Yes, if you model needs prepross or postprocess, you should add the function to process it. Maybe you can refer the topic below:
https://forums.developer.nvidia.com/t/getting-0-0-0-0-output-from-tao-multitask-classifier/210302
I am familiar with this post. I have used it previously to develop a batched inferencing tool on a directory filled with images which has worked with this model I have created (and another one as well), but I am not sure if that post shows me how to use multi-task classification with deepstream directly. I imagine there must be some standard bbox parsing function for multitask classification in deepstream/deepstream_tao_apps?
For some further debugging, I tried to run my two models through the standard deepstream_tao_apps apps and I did replicated the same bounding box errors with the multi-task classifier app.
in ~/deepstream_tao_apps-master/apps/tao_detection
, ./ds-tao-detection -c ~/deepstream-app/multitask/config_infer_primary.txt -i file:///home/nvidia/Videos/example.mp4 -d
ran without a hitch, but I suppose this is expected since the object detector has already been confirmed to work.
whereas:
in ~/deepstream_tao_apps-master/apps/tao_classifier
, ./ds-tao-classifier -c ~/deepstream-app/multitask/config_infer_secondary_MT_people.txt -i file:///home/nvidia/Videos/example.mp4 -d
failed immediately with the exact same error as reported in the original post. I would imagine that this multi-task classifier app that is packaged with deepstream_tao_apps should not be running into a bounding box issue unless the model was bad, something in my configuration was incorrect or there is some reference to a library with that function that is missing and needs to be linked to my config (similar to what is required to run a yolo_v4 model).
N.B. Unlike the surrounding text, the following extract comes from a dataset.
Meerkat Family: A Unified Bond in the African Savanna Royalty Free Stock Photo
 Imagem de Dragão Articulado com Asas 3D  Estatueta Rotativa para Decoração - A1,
I have validated that the model is functional before using the post you have referenced earlier which makes be believe there must be a configuration problem or library reference that i am missing.
The multi-task classification config file packaged with deepstream_tao_apps is as follows:
[property]
gpu-id=0
net-scale-factor=1.0
offsets=103.939;116.779;123.68
model-color-format=1
labelfile-path=multi_task_labels.txt
tlt-encoded-model=../../models/multi_task/abc.etlt
tlt-model-key=nvidia_tlt
model-engine-file=../../models/multi_task/abc.etlt_b1_gpu0_fp16.engine
infer-dims=3;80;60
uff-input-blob-name=input_1
batch-size=1
## 0=FP32, 1=INT8, 2=FP16 mode
network-mode=2
interval=0
gie-unique-id=1
network-type=1
scaling-filter=1
scaling-compute-hw=1
output-blob-names=base_color/Softmax;category/Softmax;season/Softmax
classifier-threshold=0.5
The configuration file that I have is nearly identical, with the exception of the parameters that was in the nvinfer_config.txt
that was generated by TAO.
Is there some model that you may have on hand that you have gotten to work for multi-task classification in deepstream? Deepstream_tao_apps reports that it doesn’t have a standard model for multi-task classification that I could use for testing purpose, but if you have one that you have confirmed to work properly, that may narrow down where I may be having an issue with my setup.
At last, There may be some problems about the order of the output layer. You can check it.
In your log:
That is quite interesting. The order of the output-blob-names i am using was a direct output from tao via nvinfer_config.txt
as shown in my earlier post. I did try and swap the order to output-blob-names=pose/Softmax;object/Softmax;action/Softmax
and ran into the same bounding box error.